Use your best 3D animation skills and bring to life any frightening Halloween themed scene. Details for submission are below.

*1st Prize*

Subscription to Fright Times magazine
Software app of your choice (DAZ owned)
Four DAZ Original content packs of your choice
$100 Gift Certificate

*2nd Prize*

Four DAZ Original content packs of your choice
$50 Gift Certificate

*3rd Prize*

Two DAZ Original content packs of your choice
$25 Gift Certificate

*Rules and Submission Guidelines*

You must be a registered user on www.daz3d.com to submit.

You may use any additional 3D or 2D software to create your final image; postwork is allowed.

All entries must follow the DAZ Terms of Service. No nudity, violence or profanity will be allowed.

All entries must be new images--not previously available for public viewing--or will be disqualified. Public posting includes display on blogs, forum posts or any web page without restricted access. Entries may be posted publicly after the winner of the contest has been announced.

You may submit one (1) image only

Prizes awarded in store credit.

Note the following DAZ Gallery requirements: Images must be in (jpg, png, or tiff) format. Images larger than 1600 x 1200 px will be resized. Maximum file size is 2 MB. 

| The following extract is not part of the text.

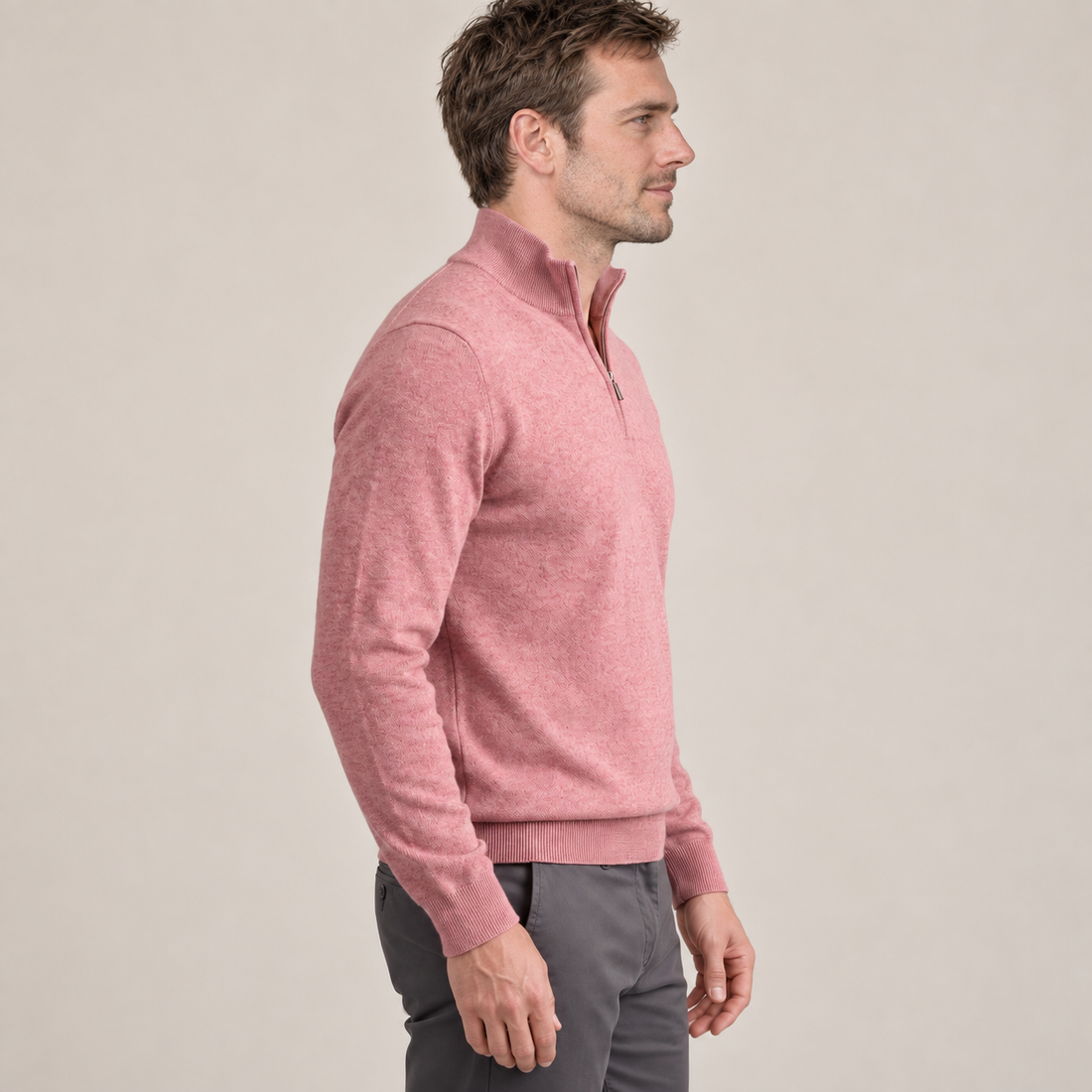 Men's V-Neck Half-Zip Sweater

All images in this contest remain copyrighted and owned by the artist. By submitting to this contest, the artist agrees to grant DAZ the right to print or otherwise re-publish the submitted images in various marketing or web materials so long as credit is given to the artist as the original creator of the image(s). 

-----------------------------------------------------------------------------------
Click Here to submit your artwork.
-----------------------------------------------------------------------------------

*Best Halloween Animation*

Show of your animation skills to create a frightening Halloween themed animation. See below for submission details.

*1st Prize*

Subscription to Fright Times magazine
Software app of your choice (DAZ owned)
Four DAZ Original content packs of your choice
$100 Gift Certificate

*2nd Prize*

Four DAZ Original content packs of your choice
$50 Gift Certificate

*3rd Prize*

Two DAZ Original content packs of your choice
$25 Gift Certificate

*Rules and Submission Guidelines*

You must be a registered user on www.daz3d.com to submit.

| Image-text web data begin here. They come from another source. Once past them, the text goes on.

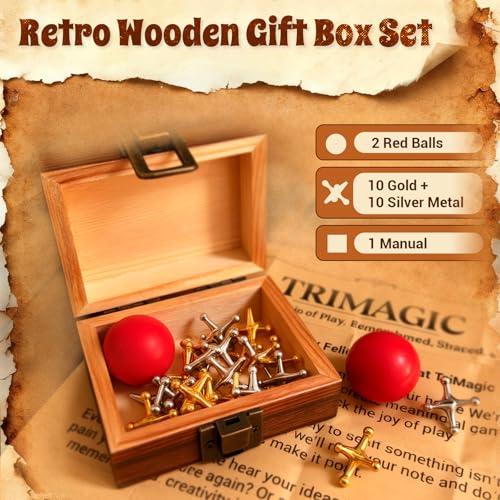 TriMagic Metal Jacks Game with Ball Classic, Jax Toy, Vintage Jacks and Ball Set in Wooden Gift Box, Old School Jax Game, Retro Nostalgic Toys from 50s 60s 70s 80s, 20 Gold & Silver Jack Stones - style: 20 Jacks+2 Balls+ Wooden Box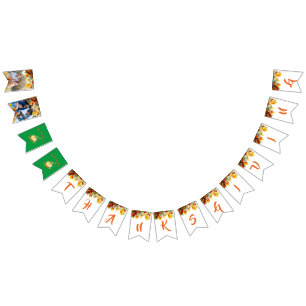 Thanksgiving photo text watercolor leaves bunting 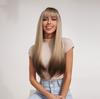 European and American Style Women Long Straight Wig with Blunt Bangs Front Lace Heat Resistant Synthetic Fiber Ombre Gray Wigs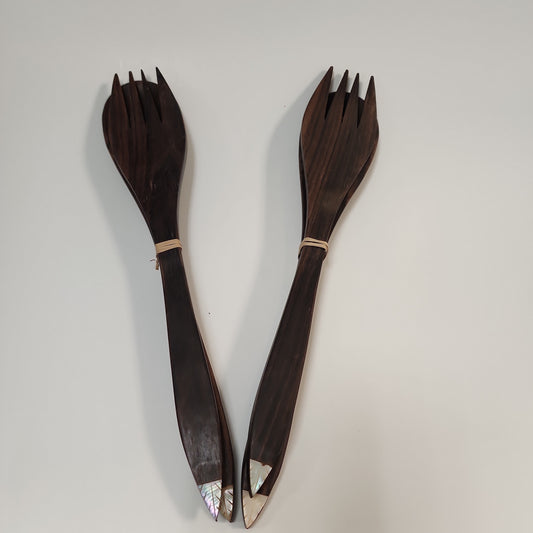 Wooden Big Black Salad Spoon Fork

You may use any additional 3D or 2D software to create your final image; postwork is allowed. All entries must follow the DAZ Terms of Service. No nudity, violence or profanity will be allowed.

Entries may be posted publicly after the winner of the contest has been announced.

You may submit one (1) file for submission. Submissions should be done using YouTube (embedded files).

Prizes awarded in store credit.

Note the following DAZ Gallery requirements: Files must be 

All images in this contest remain copyrighted and owned by the artist. By submitting to this contest, the artist agrees to grant DAZ the right to print or otherwise re-publish the submitted images in various marketing or web materials so long as credit is given to the artist as the original creator of the image(s). 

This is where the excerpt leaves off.